In relation to laboratory outcomes, we found that after adjusting for confounding factors, levels of TC and LDL-c were associated with the highest quintiles of PF + UPF consumption. When compared to the reference category, while the PF + UPF consumption in Q3 and Q4 was associated with a similar increase of 26.6 mg/dL and 26.7 mg/dL, respectively, in TC levels (Q3: 95% CI 10.7–42.6; Q4: 95% CI 10.69–42.69), consumption in Q4 was associated with an increase of 19.8 mg/dL (95% CI 6.93–32.67) in LDL-c levels.
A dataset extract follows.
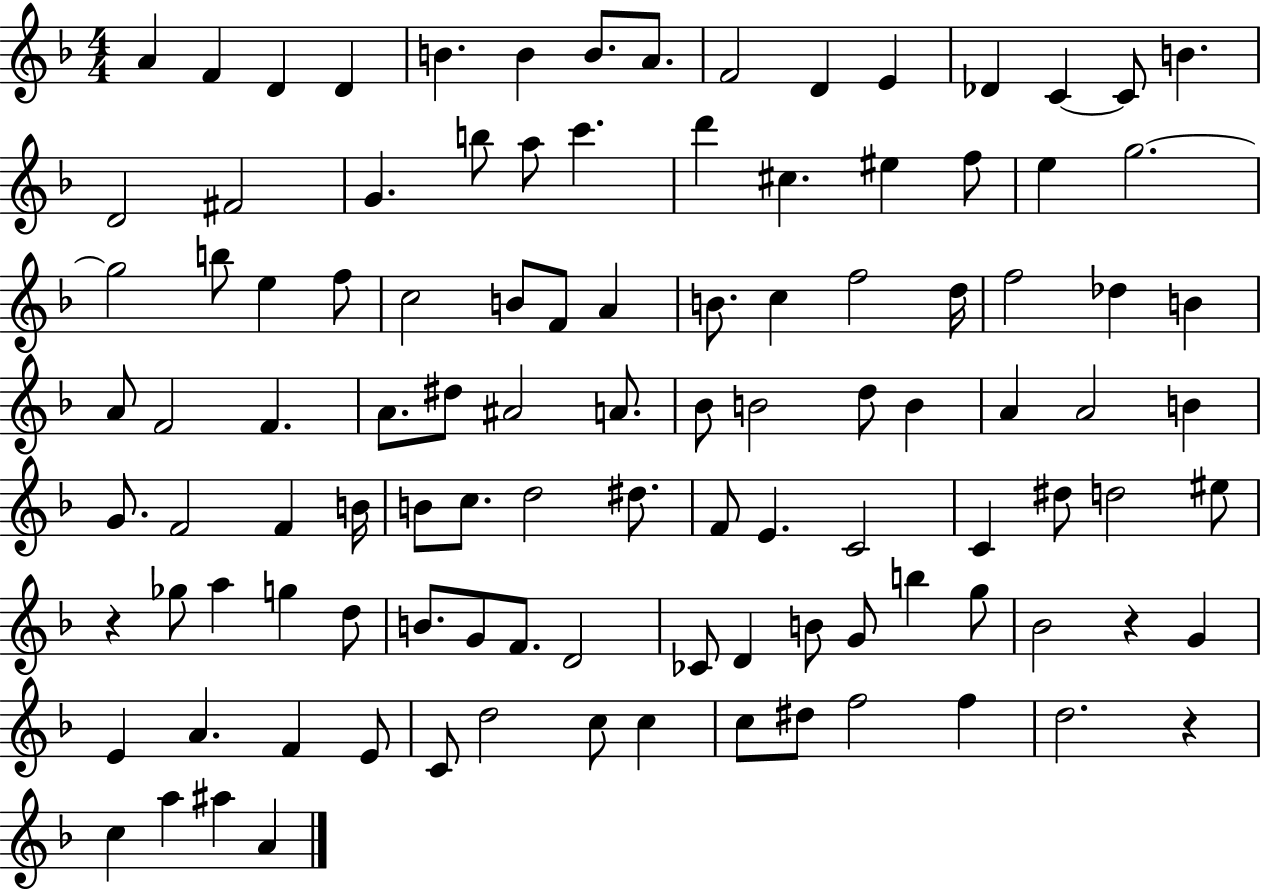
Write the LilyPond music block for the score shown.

Thus far, the scientific literature examining the association between UPF intake and lipid profile in individuals with T2DM remains limited. However, it has been previously suggested that a consumption of at least 700 g/day of UPF seems to impact a reduction of approximately 0.6 mg/dL in HDL-c (p = 0.13) and a consistent increase of 2 mg/dL in TG (p = 0.26) [27]. Positively, our sample of individuals with T2DM, who were not undergoing any nutritional monitoring, demonstrated a higher percentage of consumption of minimally processed or unprocessed foods, which may have influenced the observed lipid profile.
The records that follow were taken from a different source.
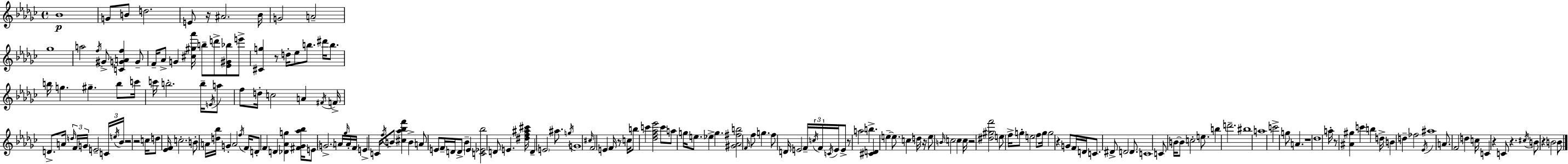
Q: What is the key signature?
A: EES minor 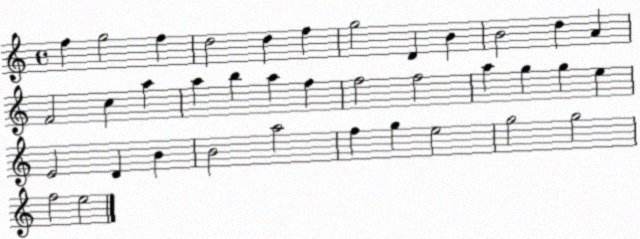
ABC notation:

X:1
T:Untitled
M:4/4
L:1/4
K:C
f g2 f d2 d f g2 D B B2 d A F2 c a a b a f f2 f2 a g g e E2 D B B2 a2 f g e2 g2 g2 f2 e2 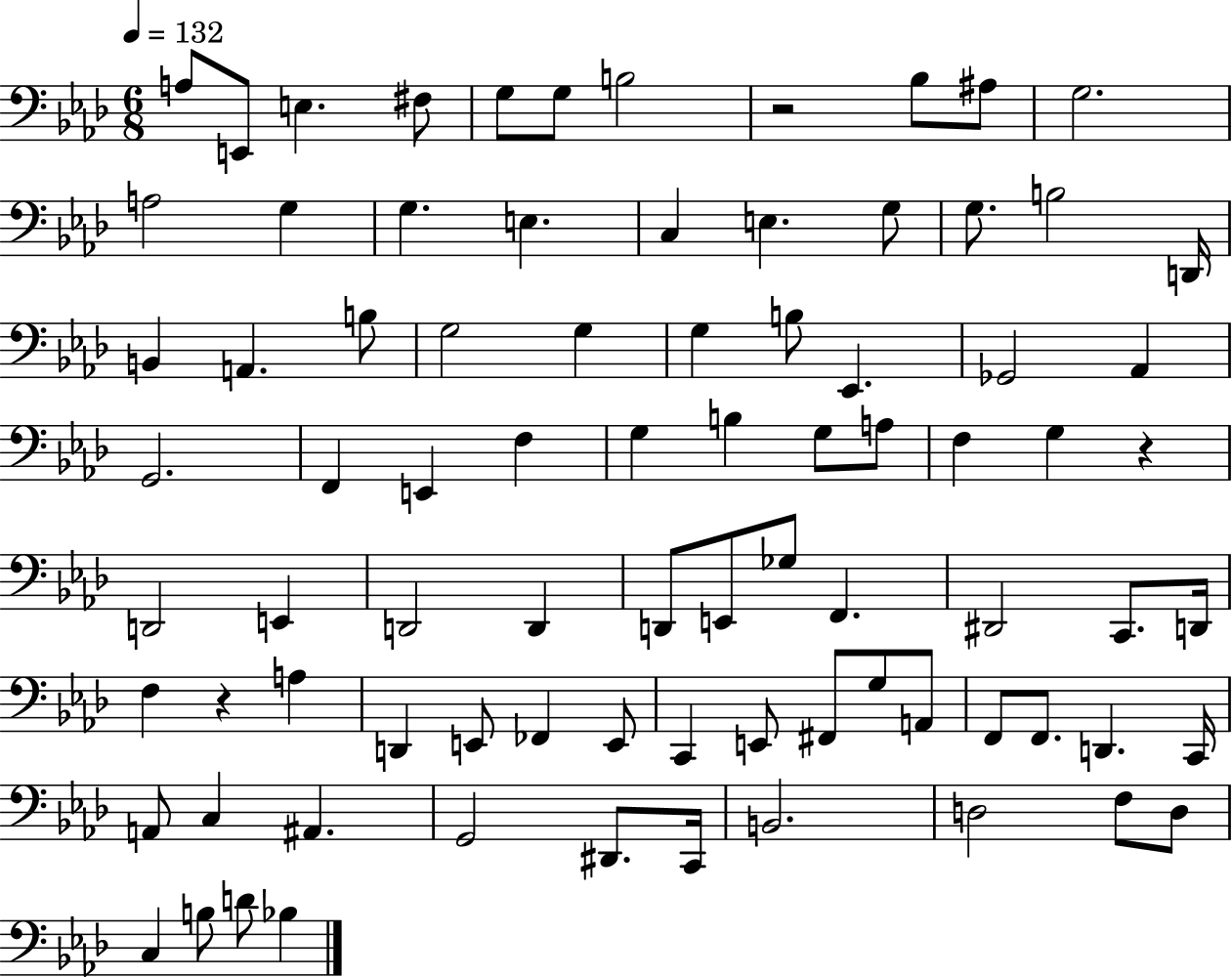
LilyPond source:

{
  \clef bass
  \numericTimeSignature
  \time 6/8
  \key aes \major
  \tempo 4 = 132
  a8 e,8 e4. fis8 | g8 g8 b2 | r2 bes8 ais8 | g2. | \break a2 g4 | g4. e4. | c4 e4. g8 | g8. b2 d,16 | \break b,4 a,4. b8 | g2 g4 | g4 b8 ees,4. | ges,2 aes,4 | \break g,2. | f,4 e,4 f4 | g4 b4 g8 a8 | f4 g4 r4 | \break d,2 e,4 | d,2 d,4 | d,8 e,8 ges8 f,4. | dis,2 c,8. d,16 | \break f4 r4 a4 | d,4 e,8 fes,4 e,8 | c,4 e,8 fis,8 g8 a,8 | f,8 f,8. d,4. c,16 | \break a,8 c4 ais,4. | g,2 dis,8. c,16 | b,2. | d2 f8 d8 | \break c4 b8 d'8 bes4 | \bar "|."
}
Possible limitations include the cross-sectional design itself, which does not account for the temporality between exposure and outcome and is therefore subject to reverse causality bias. Additionally, associations identified in cross-sectional studies do not imply causality. Issues related to the COVID-19 pandemic, which necessitated adapting data collection to a virtual mode, also represent potential limitations. However, this study focused on training researchers who conducted the collections and tabulation to minimize potential errors, along with verifying data quality to ensure reliable data reflecting reality. Due to the pandemic, R24h were conducted on only two days, with one of the days being via telephone, which warrants caution when interpreting the findings. Although R24h are among the most widely used methods in epidemiological studies, their retrospective nature is a known limitation that can lead to recall bias, a type of information bias [42]. Furthermore, this was a sub-study developed from the NUGLIC study [18], a multicenter randomized clinical trial originally designed to address a different research question. Nevertheless, it is worth noting that our study was conducted across multiple outpatient centers, providing a representative sample.

5. Conclusions

In our sample of patients with T2DM, higher consumption of PF + UPF was associated with higher levels of TC and LDL-c, which are important markers of cardiovascular risk. In contrast, no associations were observed between PF + UPF consumption and FG, HbA1c, BMI, or WC. These patients showed a lower daily energy intake from UPF compared to previous studies, which suggests a need for caution when interpreting these results but also highlights the importance of expanding strategies that promote the consumption of and access to fresh or minimally processed foods. Future longitudinal studies are needed to understand how the relationships between UPF consumption and metabolic parameters are established in individuals with T2DM, filling the gaps that still exist in the scientific literature. The cross-sectional nature of this study does not support any causal relationship.